This girl, a New Zealander, has just lost her mother and been brought to live with her father in his cluttered Ontario farmhouse. She isn’t very enthused about her father or her new school, but she enjoys the woods and fields. Her explorations give the camera a reason to linger over rural beauty.

Her father (Jeff Daniels) is a live-action version of a Hayao Miyazaki cartoon character. That is to say, he is an eccentric inventor, sculptor, and aeronaut. Flight is the theme of his creations. They include a gigantic metal dragon, a full-scale replica of the lunar landing module, and various leg-powered or motorized flying contraptions that he tests himself. He flies them well enough, but his landings are painful.

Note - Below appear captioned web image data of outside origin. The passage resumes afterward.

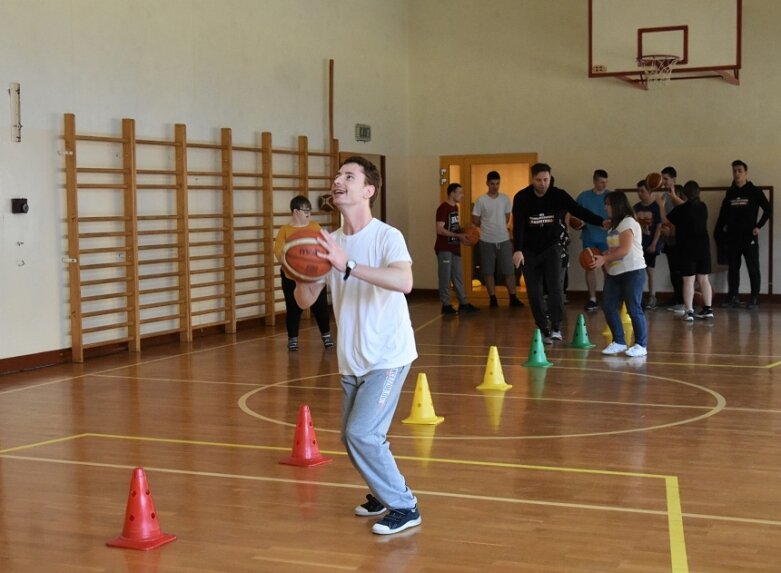  Niepełnosprawni czują sport. Cykl zajęć zakończyli treningiem koszykarskim 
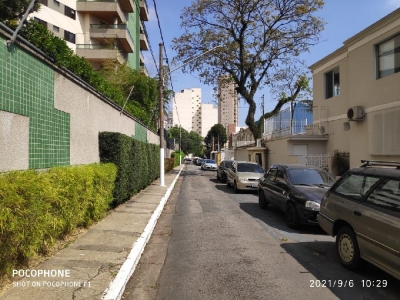 Perdizes - Rua tranquila - Sobrado com 220 m2 - 3 dorms (suíte) - 2 vagas - Quintal com árvores e churrasqueira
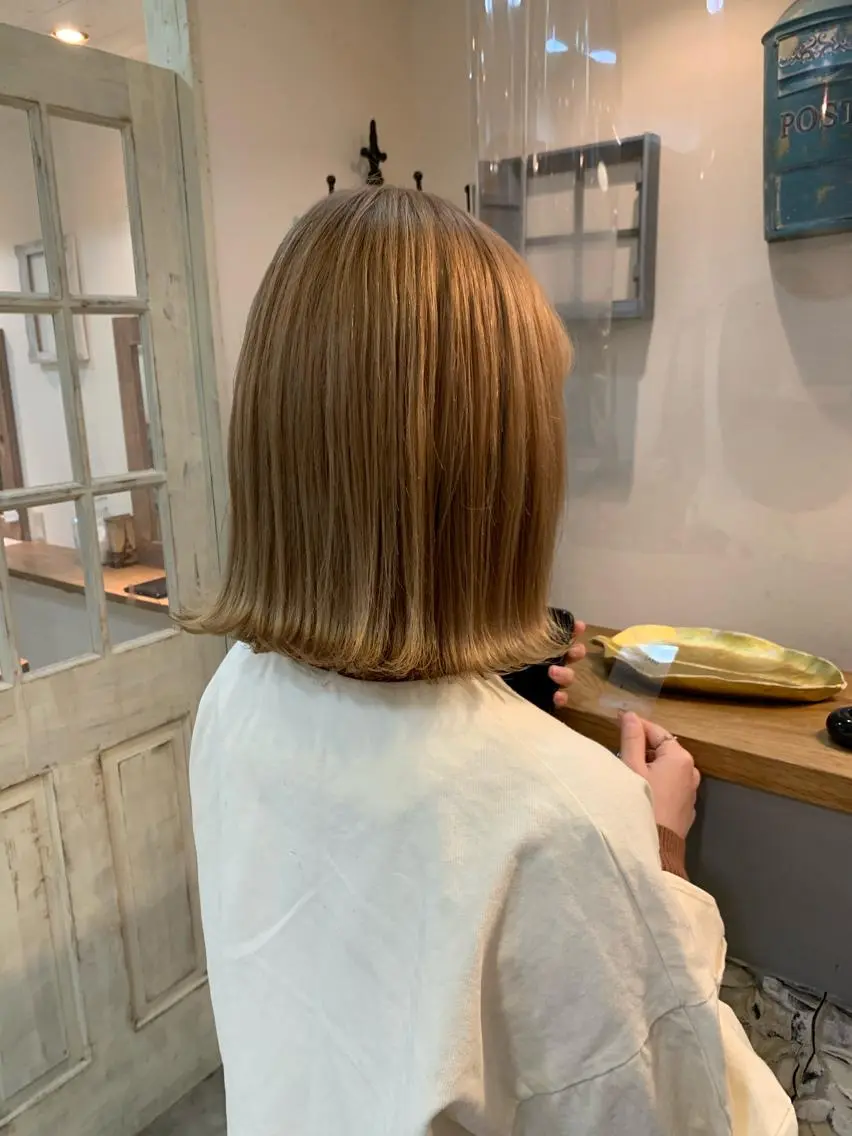 ショート カラー ベージュカラー ヘアカラー トリートメント Topstylist HARUのヘアスタイル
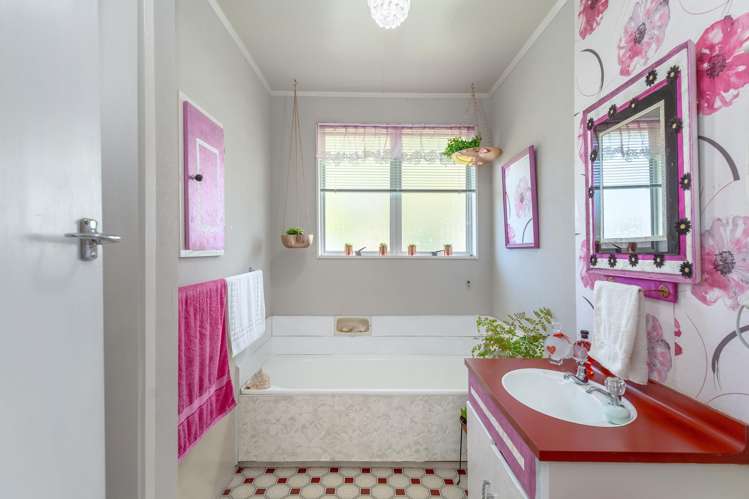 2 Hornsby Street Carterton_11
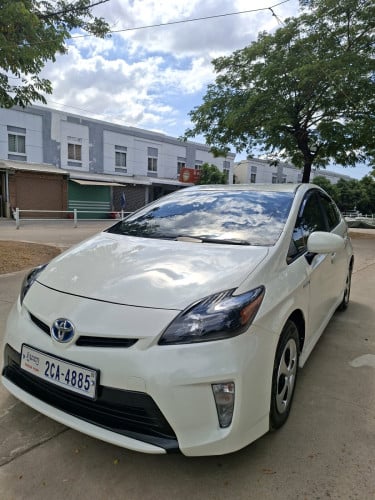 Prius 012 ជួល ជាខែ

The inventor and his friends are full of sympathy for the girl, who is obviously lonely and frustrated (she wears her dead mother’s clothes around the house). But they are unable to earn her trust until another tragedy brings them under a common cause.

Some developers bulldoze a nearby woodland. Exploring the wreckage, the girl finds some abandoned goose eggs. She sneaks the eggs into a barn, incubates them, and watches the goslings hatch. Since she is the first creature they see, they regard her as their mother. They eat and bathe with her and follow her through the weeds and creeks and forests.

Only a broad-minded man would agree to have his house taken over by geese. The girl’s father doesn’t hesitate. By allowing his daughter to care for the geese, he helps her to come to terms with her mother’s death.

Eventually, however, it becomes clear that the geese must travel southward. It’s their instict; also, there are bureaucrats who’d destroy their habitat or even clip their wings. But without a mother to guide them, they’d never be able to find their way home.

And so the girl and her father decide to ride their aircraft to the south, over lakes and fields and skyscrapers, directing the geese in their migration.


Though all of this is fairly predictable, the movie isn’t on autopilot. Individual scenes play out in interesting ways, and certain passages evoke this biblical verse:
How think you? if a man has a hundred sheep, and one of them be gone astray, does he not leave the ninety and nine, and go into the mountains, and seek that which is gone astray?
(Substitute “geese” for “sheep.”)

There’s poignancy, also, in the father’s love for his daughter, and in the daughter’s engagement with the memory of her mother through her mothering of the geese. Best of all, though, is the lovely nature photography. The movie often feels like a nature documentary. It’s a bonus that an interesting human drama is happening in the background.